The maximum number of recent checkpoints to retain. If None, all checkpoints are kept.

Model Initialization

d9d.loop.config.ModelStageFactoryConfig

Bases: BaseModel

Configuration for initializing model weights.

Attributes:

Name Type Description
source_checkpoint Path | None

Path to an initial checkpoint to load into the model before training starts. If None, random initialization is used.

checkpoint_only_trainable_parameters bool

If True, only parameters with requires_grad=True will be saved in checkpoints. Useful for PEFT/LoRA.

Optimization

d9d.loop.config.GradientClippingConfig

Bases: BaseModel

Configuration for gradient norm clipping.

Attributes:

Name Type Description
max_norm float | None

The maximum norm value for gradient clipping. If None, no clipping is performed.

log_total_steps StepActionPeriod

Frequency at which to log the total gradient norm.
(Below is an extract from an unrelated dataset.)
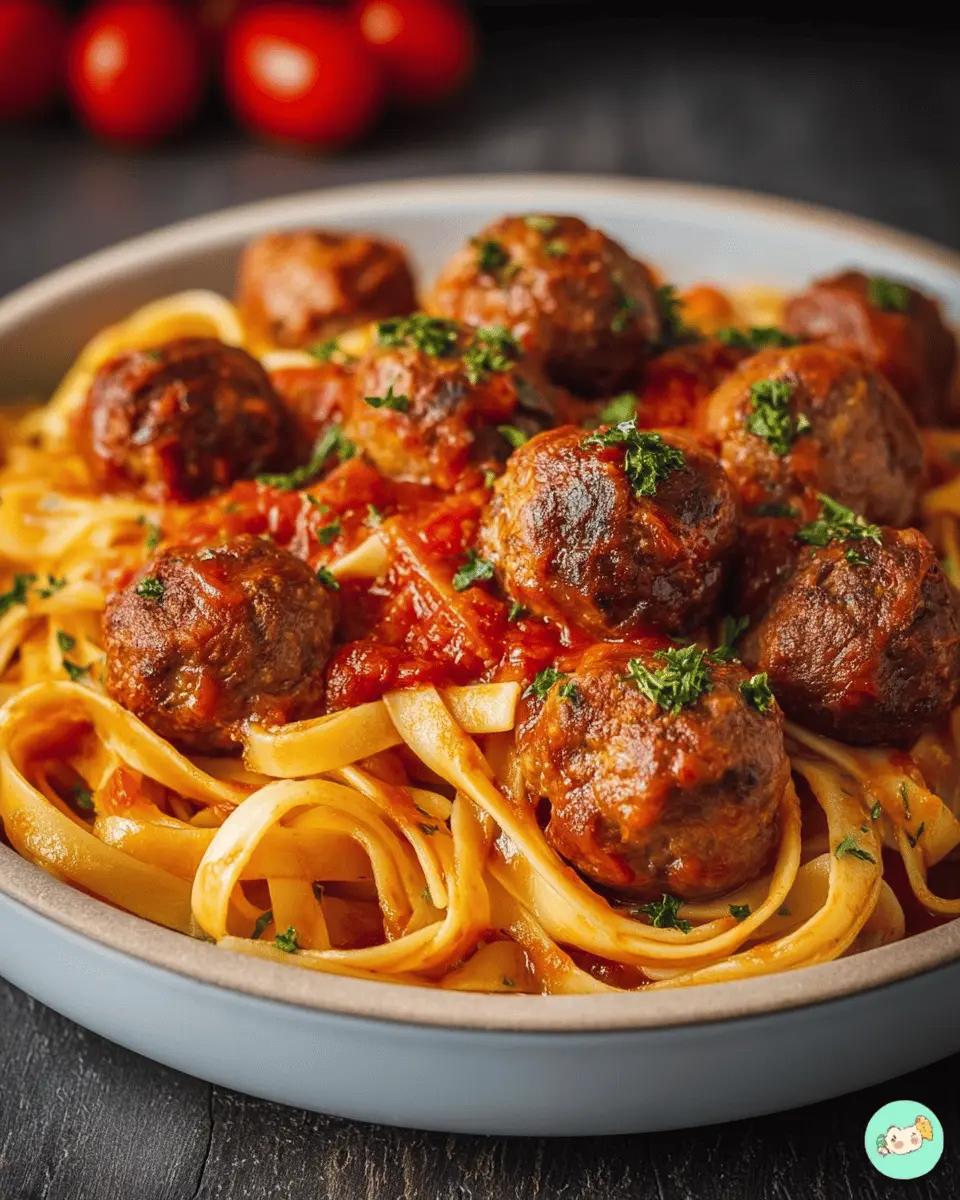Fetuccini con Albóndigas en Salsa Casera de Tomate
d9d.loop.config.GradientManagerConfig

Bases: BaseModel

Configuration for gradient synchronization.

Attributes:

Name Type Description
grad_dtype str | None

The data type to use for storing the gradient. If None, follows the model's dtype.

bucket_size_mb int

The size of gradient buckets in Megabytes for communication.

Infrastructure

d9d.loop.config.PipeliningConfig

Bases: BaseModel

Configuration for pipeline parallelism orchestration.

Attributes:

Name Type Description
schedule AnyPipelineScheduleConfig

The specific scheduling strategy configuration used to manage pipeline execution.

d9d.loop.config.GarbageCollectionConfig

Bases: BaseModel

Configuration for manual Python garbage collection control.

Attributes:

Name Type Description
period_steps StepActionPeriod

How frequently to manually trigger the Python garbage collector.

d9d.loop.config.TimeoutConfig

Bases: BaseModel

Configuration for distributed process group timeouts.

Attributes:

Name Type Description
init_timeout int

Timeout in seconds for initializing the process group.

step_timeout int

Timeout in seconds for individual step communications.

Types

d9d.loop.config.StepActionPeriod = int | StepActionSpecial module-attribute

Union type representing a configuration for periodic events.

Values

int: The period in steps (frequency) at which the event occurs. StepActionSpecial: A special flag indicating end-of-run execution or disabling.

d9d.loop.config.StepActionSpecial

Bases: StrEnum

Special flag values for configuring periodic actions.

Attributes:

Name Type Description
last_step

Indicates the action should occur exactly once at the very end of the training run.

disable

Indicates the action should never occur.